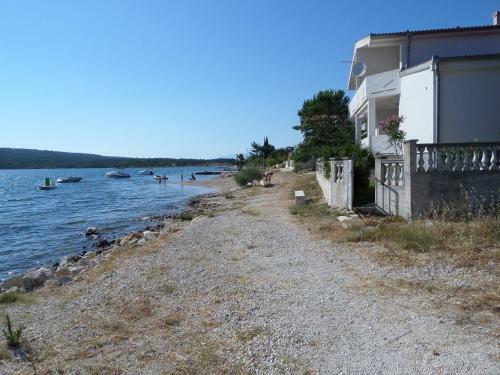 Apartman Jurjevic - Whole House With Yard And Parking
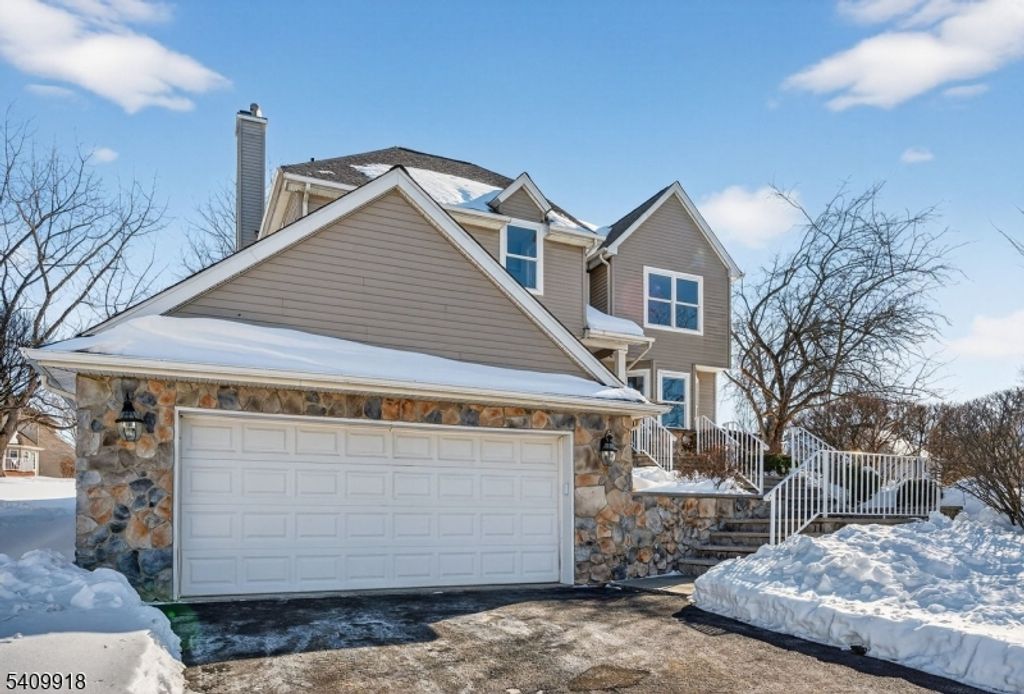 5 Witherwood Dr, Hardyston Twp., NJ 07419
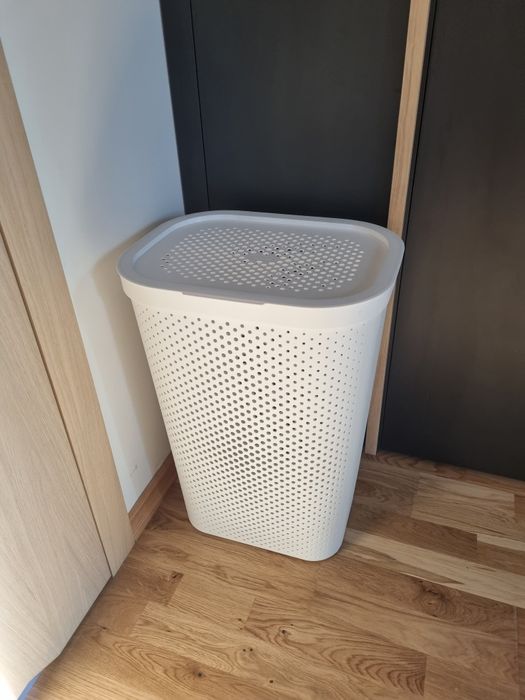 RRZERWACJA Oddam kosz na pranie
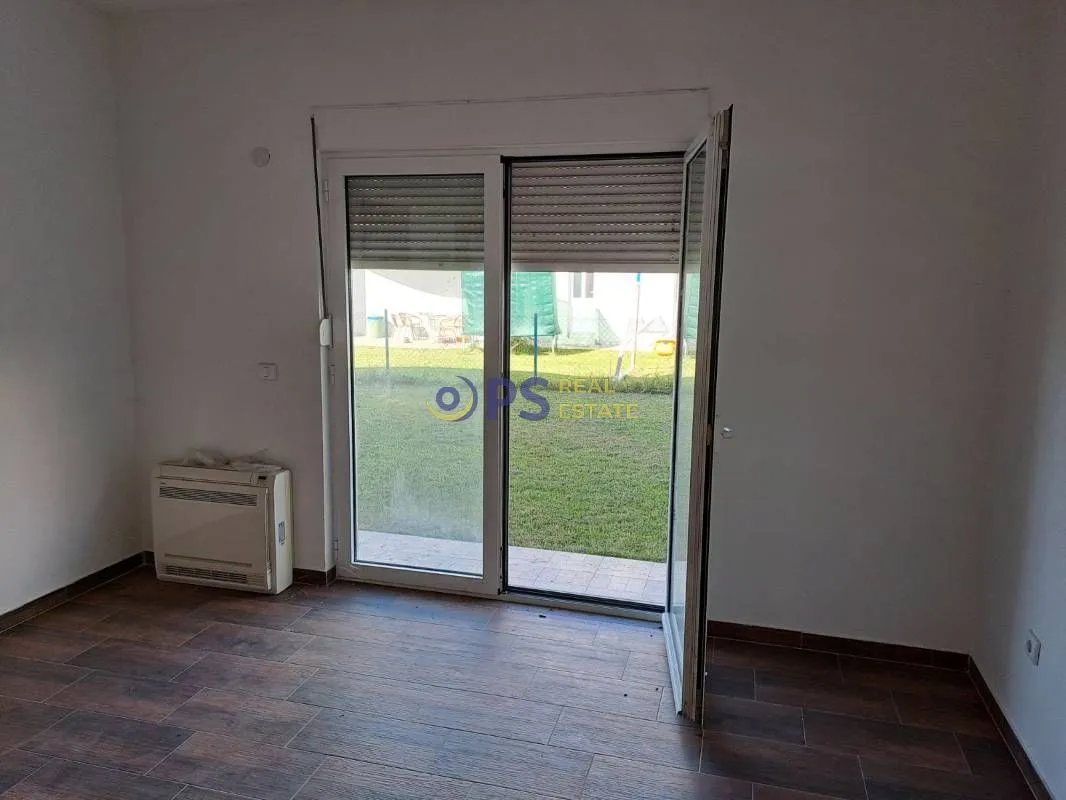 Sale, house, 300m², Bar, Crna Gora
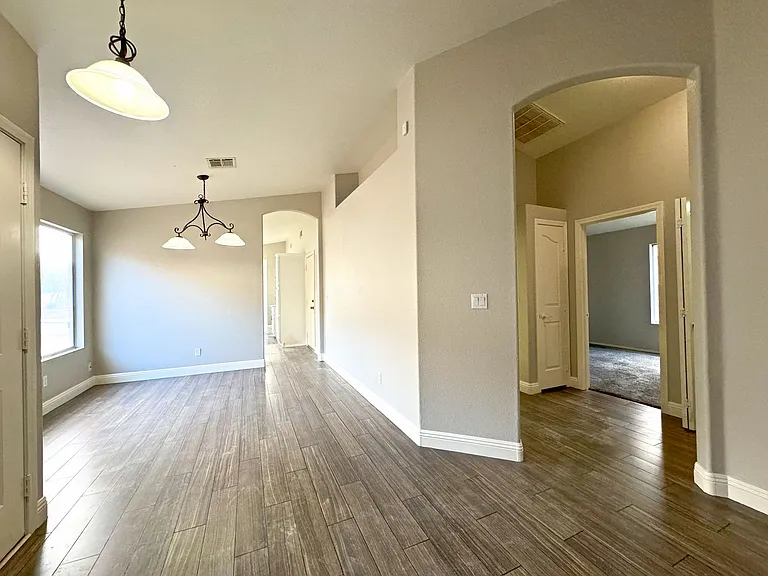 3740 Alliance St — Photo 16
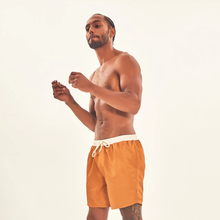 Charger l&#39;image dans la galerie, Image 03: Uv Line Bermuda / Short Pour Homme Shorts Boxer Ocre Upf50+

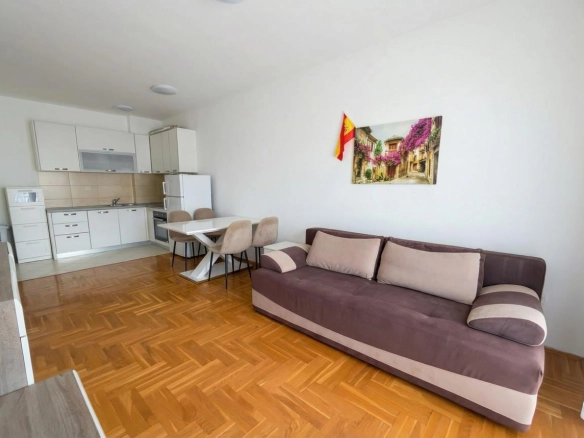 Izdavanje: Jednosoban stan 43 m² – Lazi, Budva — fotografija 4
-=-=-=-=-
Problem to work on.
Leave out the pictures and print every line of the data exactly.

Finished exercise.
 Apartman Jurjevic - Whole House With Yard And Parking
 5 Witherwood Dr, Hardyston Twp., NJ 07419
 RRZERWACJA Oddam kosz na pranie
 Sale, house, 300m², Bar, Crna Gora
 3740 Alliance St — Photo 16
 Charger l&#39;image dans la galerie, Image 03: Uv Line Bermuda / Short Pour Homme Shorts Boxer Ocre Upf50+

 Izdavanje: Jednosoban stan 43 m² – Lazi, Budva — fotografija 4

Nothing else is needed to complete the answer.